The least squares approach chooses $b_0$ and $b_1$ to minimize the
$RSS$. Using some calculus, one can show that the minimizers are:

$$ \hat b_1 = \frac {\sum_{i=1}^{n} (x_i – \bar{x}) (y_i – \bar{y}) }
{\sum_{i=1}^{n} (x_i – \bar{x})^2} $$

$$ \hat b_0 = \hat y – \hat b_1 \bar{x} $$

$$ \hat y = \frac {1}{n} \sum_{i=1}^{n} y_i $$

$$ \hat x = \frac {1}{n} \sum_{i=1}^{n} x_i $$

So my question is: What book has a detailed caluls showing how we get the above minimizers?
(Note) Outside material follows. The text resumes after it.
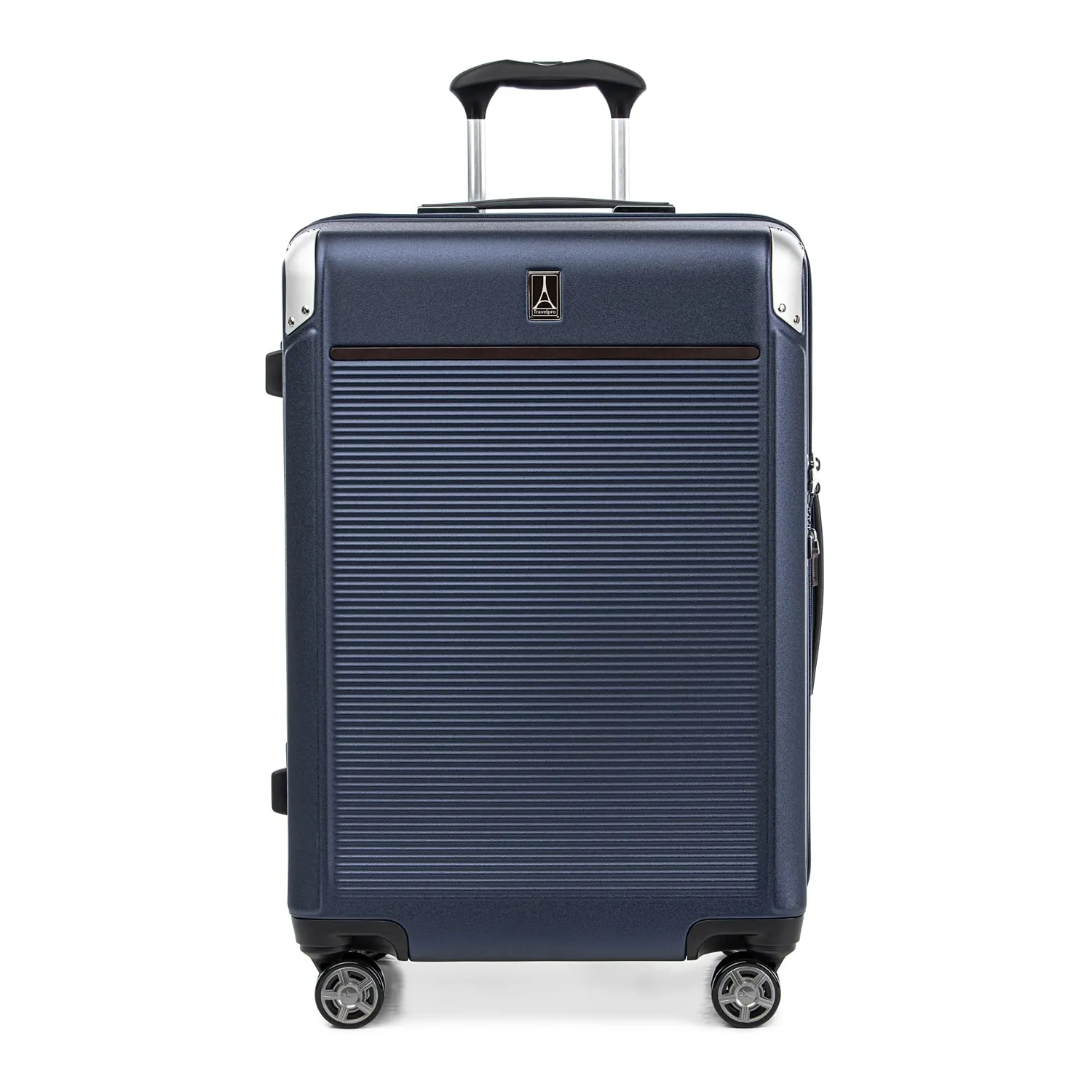 Travelpro Platinum Elite Checked Medium 25-Inch Hardside Expandable Spinner Wheel Luggage TSA Lock Hard Shell Polycarbonate Suitcase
Please also advise a good textbook on least squares and regression in general.

Best Answer

The principle underlying least squares regression is that the sum of the squares of the errors is minimized. We can use calculus to find equations for the parameters $\beta_0$ and $\beta_1$ that minimize the sum of the squared errors, $S$.

$$S = \displaystyle\sum\limits_{i=1}^n \left(e_i \right)^2= \sum \left(y_i - \hat{y_i} \right)^2= \sum \left(y_i - \beta_0 - \beta_1x_i\right)^2$$

We want to find $\beta_0$ and $\beta_1$ that minimize the sum, $S$. We start by taking the partial derivative of $S$ with respect to $\beta_0$ and setting it to zero.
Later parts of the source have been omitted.